══ Data section

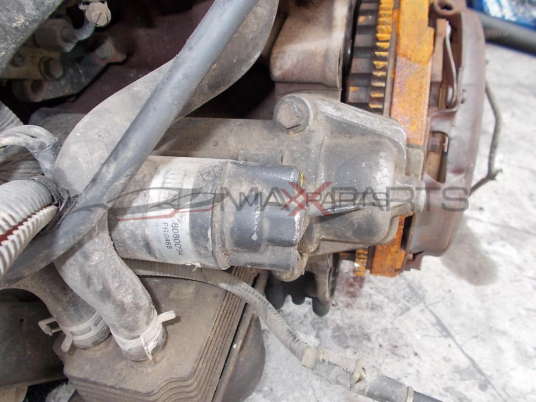 Стартер за FORD TRANSIT 2.4 DI RWD Starter FRS468 8080094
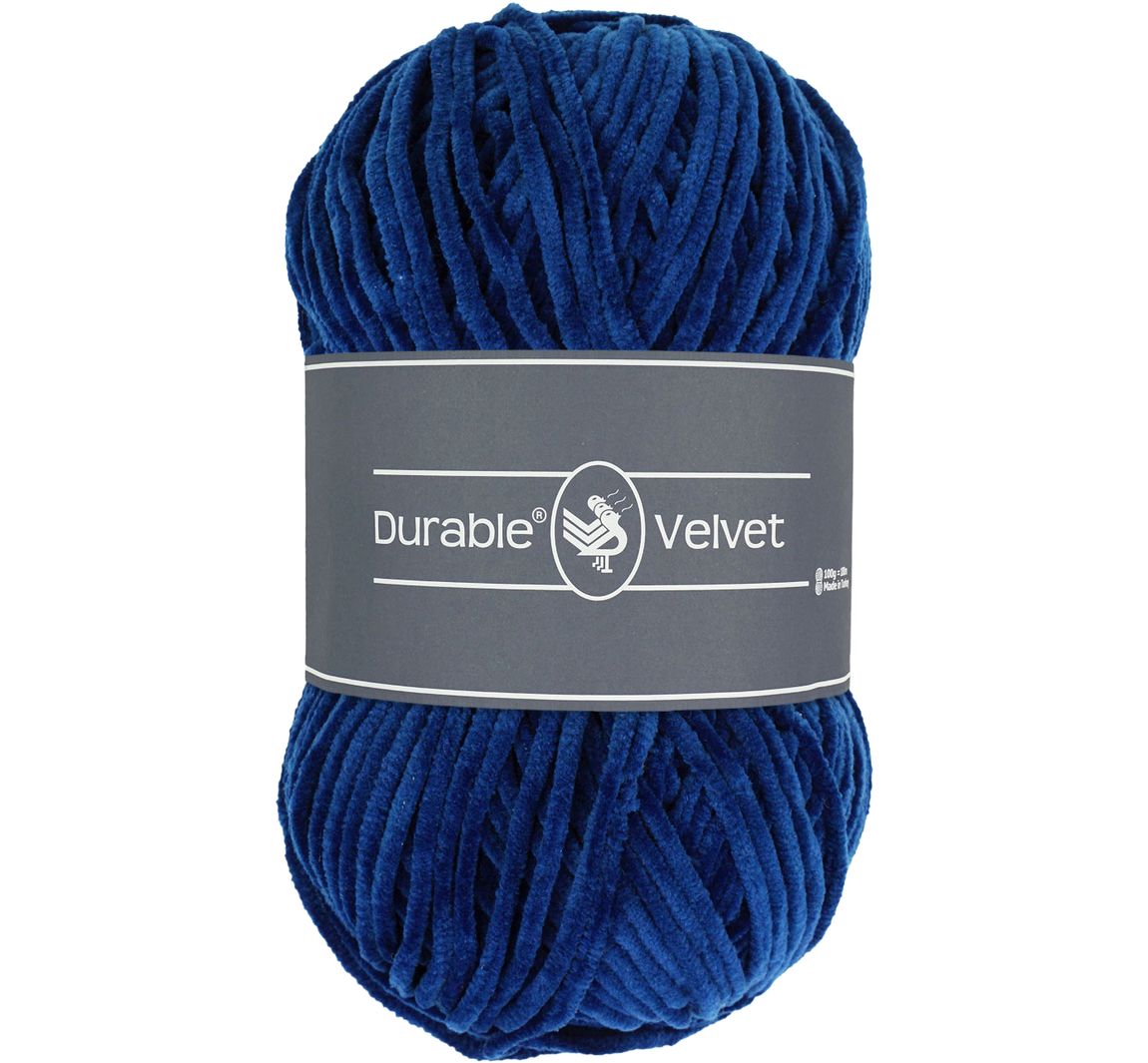 Durable Velvet - Farbe 370
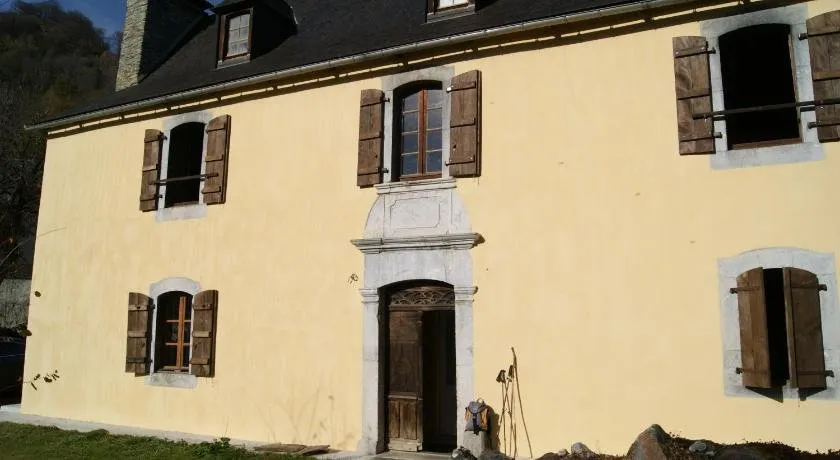 gite de montagne pyrenee - Image 1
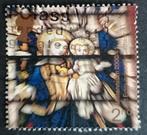 UK - mi. 1987 Millenium 2000, Verzenden, Gestempeld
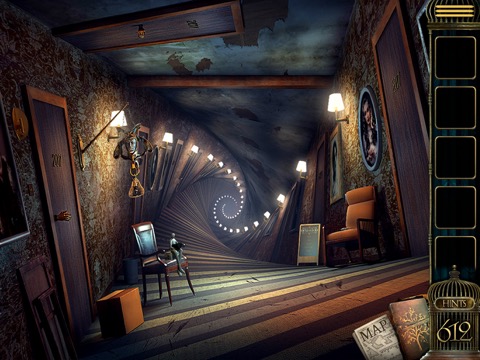 Escape Room：The Mistのおすすめ画像1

════

> _Action item_
Would you write out each record above exactly, with no images?

> _Answer section_
 Стартер за FORD TRANSIT 2.4 DI RWD Starter FRS468 8080094
 Durable Velvet - Farbe 370
 gite de montagne pyrenee - Image 1
 UK - mi. 1987 Millenium 2000, Verzenden, Gestempeld
 Escape Room：The Mistのおすすめ画像1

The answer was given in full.